Something would have to generate suitable candidates in order that the entire enterprise does not become a failure.
The “candidate generation” part has macro-evolutionists waving their hands in lieu of an explanation. Look at biology from either theoretical end and you see a miracle.
If we are to place credence in evolutionists, who tell us all life began in some primordial puddle, we have to wonder what would benefit a “new” life from by moving out of the life-containing stew and venturing into desolation and sterility. How does it advance development by moving away from the food supply?

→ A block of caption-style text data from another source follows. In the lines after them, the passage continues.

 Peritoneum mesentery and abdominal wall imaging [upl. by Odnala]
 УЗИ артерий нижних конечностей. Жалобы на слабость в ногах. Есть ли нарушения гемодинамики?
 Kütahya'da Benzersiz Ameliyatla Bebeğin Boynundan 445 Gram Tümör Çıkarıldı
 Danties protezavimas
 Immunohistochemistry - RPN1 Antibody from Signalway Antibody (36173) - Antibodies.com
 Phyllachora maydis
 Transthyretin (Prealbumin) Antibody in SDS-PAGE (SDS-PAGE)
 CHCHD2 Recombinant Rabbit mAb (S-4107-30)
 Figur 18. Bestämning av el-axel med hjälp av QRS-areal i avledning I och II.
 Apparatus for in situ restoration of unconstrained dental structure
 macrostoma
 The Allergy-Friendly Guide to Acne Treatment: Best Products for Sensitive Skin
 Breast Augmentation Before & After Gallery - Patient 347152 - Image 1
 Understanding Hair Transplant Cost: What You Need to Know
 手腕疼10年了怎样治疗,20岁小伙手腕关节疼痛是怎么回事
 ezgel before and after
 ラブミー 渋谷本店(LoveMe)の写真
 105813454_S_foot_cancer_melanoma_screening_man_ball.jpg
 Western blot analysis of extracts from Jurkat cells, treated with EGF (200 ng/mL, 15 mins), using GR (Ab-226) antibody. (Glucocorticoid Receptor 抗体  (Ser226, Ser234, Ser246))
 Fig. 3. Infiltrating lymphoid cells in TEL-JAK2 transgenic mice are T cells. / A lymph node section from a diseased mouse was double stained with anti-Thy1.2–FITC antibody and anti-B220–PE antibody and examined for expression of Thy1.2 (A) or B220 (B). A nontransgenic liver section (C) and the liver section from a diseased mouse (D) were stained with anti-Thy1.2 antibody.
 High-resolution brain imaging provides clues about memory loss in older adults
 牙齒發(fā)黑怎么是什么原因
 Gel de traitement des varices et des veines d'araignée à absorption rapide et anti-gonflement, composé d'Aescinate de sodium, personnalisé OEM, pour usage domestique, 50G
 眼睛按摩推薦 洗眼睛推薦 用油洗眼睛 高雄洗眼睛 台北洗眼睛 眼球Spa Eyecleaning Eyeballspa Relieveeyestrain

Interesting premise. There will always be food in the "puddle" (despite the fact that there's now something in the puddle eating it), and none in any of the other puddles.
And certainly no food on dry land, where our walking fish ventured out for shore leave.
There certainly couldn't have been any plants. They didn't even have seed catalogs yet.
“Why not believe in both? They are not necessarily mutually exclusive”
True enough.
But one is ostensibly science and belief has nothing to do with science.
“My primary complaint concerning evolution is that the version that is put forth currently is designed as an attack on God with a clear goal to deconstruct what it means to be human.”
Well said. It has become unscientific, if it ever was, and more a religious/socio-political position.
Well, I certainly believe in God’s creation, I’m just not sure all the critters made it to this point.
I suspect we have a better likelihood of every player winning the Powerball jackpot on the same day than that of life mutating from a single cell to the incredible complexity of life as it now exists.
Even if the rules were set up so that every player was guaranteed to win?
Looks like a matter of word semantics.
If over time, within a family, all the tall lanky dark haired boys also had a genetic weak heart and died before the age of reproduction, leaving only short stocky red-heads, with strong hearts...
Did that family evolve?
I agree. Scientists have identified thousands of biochemical reactions in the bacterium E-Coli and have not even scratched the surface.